In 2005, only about a third of the 2.4 million people who died in this country were in hospice care. Perhaps twice that many patients should have been in hospice programs, according to specialists in the field. And even many of those who entered hospice care did so only at the very end of their illnesses, spending a week or less in a program that ideally would have helped them cope with the final six months or year of life.

For too many of those patients, “that’s not hospice; it’s last rites,” said Dr. John W. Rowe, the former chairman and chief executive of Aetna, one of the big insurers that is rethinking hospice care.

UnitedHealth is another insurer that now lets hospice patients also receive advanced medical treatments.

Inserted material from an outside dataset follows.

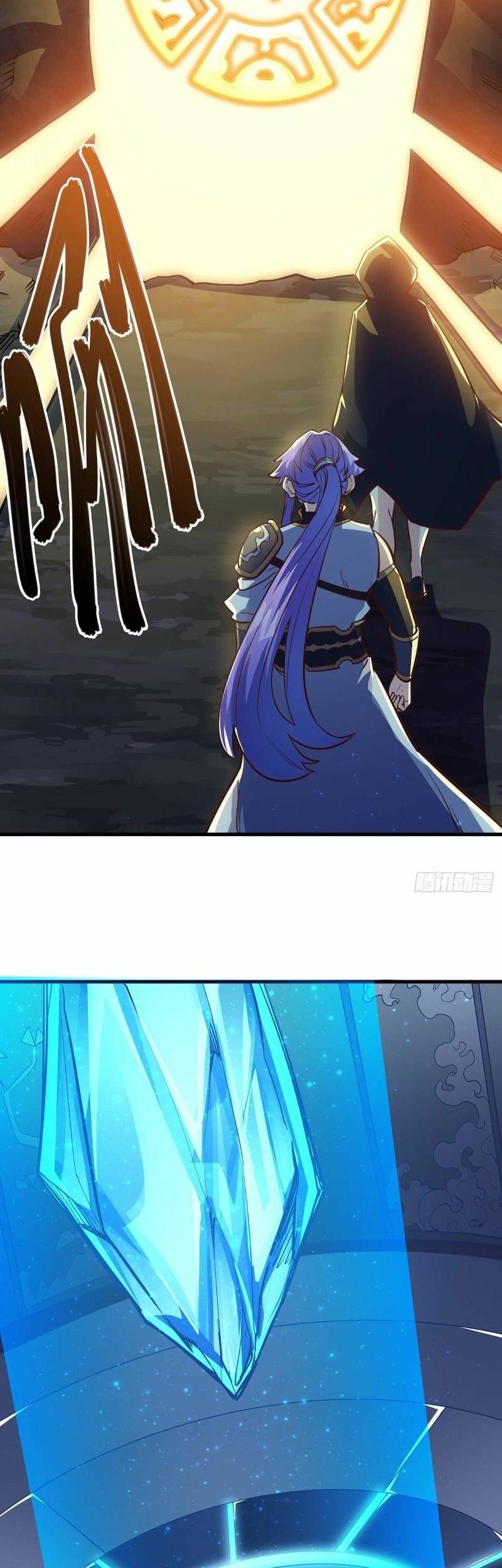 Peerless Soul Chapter 485 Gambar 40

Meanwhile, some of the nation’s 4,200 hospice programs are offering advanced medical treatment even when they are not paid more to do so.

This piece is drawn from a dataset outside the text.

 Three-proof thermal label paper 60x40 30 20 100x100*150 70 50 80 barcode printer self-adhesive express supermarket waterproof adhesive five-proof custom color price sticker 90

The new approach, which proponents call “open access” hospice, is an example of the efforts by some insurers and health care providers to try to fix specific problems in the nation’s medical system even as politicians and businesses weigh sweeping health care overhaul proposals in Washington. Being able to have potentially life-prolonging medical treatment makes all the difference to hospice patients like Gary Marko, 42, who has advanced gastric cancer and is recovering from recent surgery for his condition.

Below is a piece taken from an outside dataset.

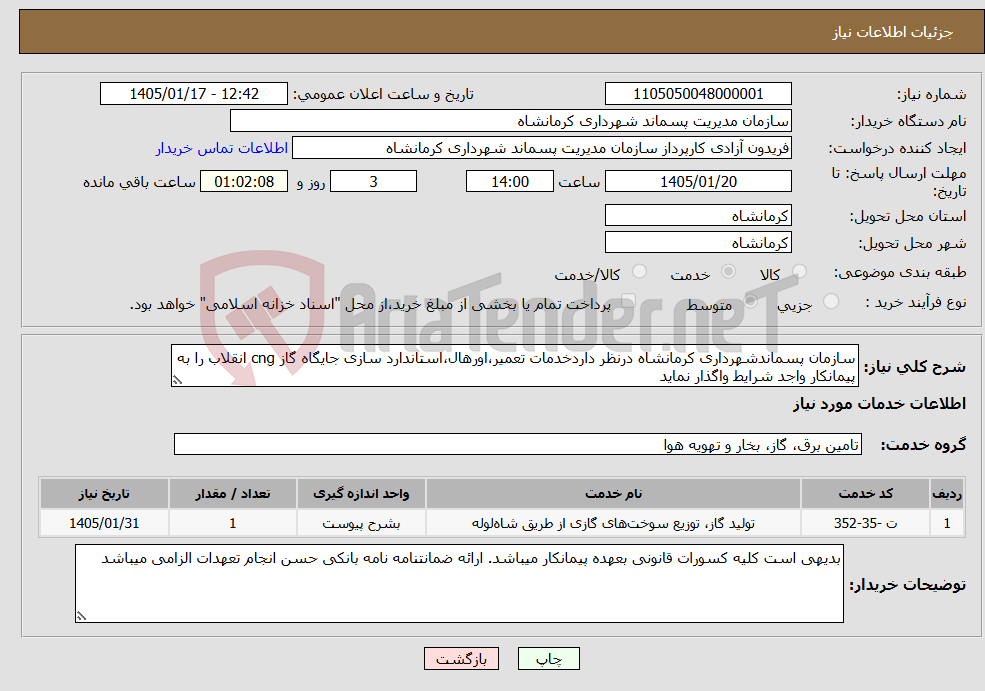 تصویر کوچک آگهی نیاز خدمات-سازمان پسماندشهرداری کرمانشاه درنظر داردخدمات تعمیر،اورهال،استاندارد سازی جایگاه گاز cng انقلاب را به پیمانکار واجد شرایط واگذار نماید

“I probably would not have elected to go to hospice, if curative care wasn’t an option,” Mr. Marko said. He is considering taking chemotherapy even as he receives the kind of additional care available through a hospice program, like visits from a nurse and a massage therapist at his home in Covington, Wash. Both types of care will be paid for by the Aetna coverage he receives through his employer.

Dr. Rowe, whose medical specialty is caring for the elderly and is now a health policy professor at Columbia University, pushed Aetna to begin an experiment two years ago to pay for traditional medical care even while covering hospice services, usually at home, like nursing care or a home health aide.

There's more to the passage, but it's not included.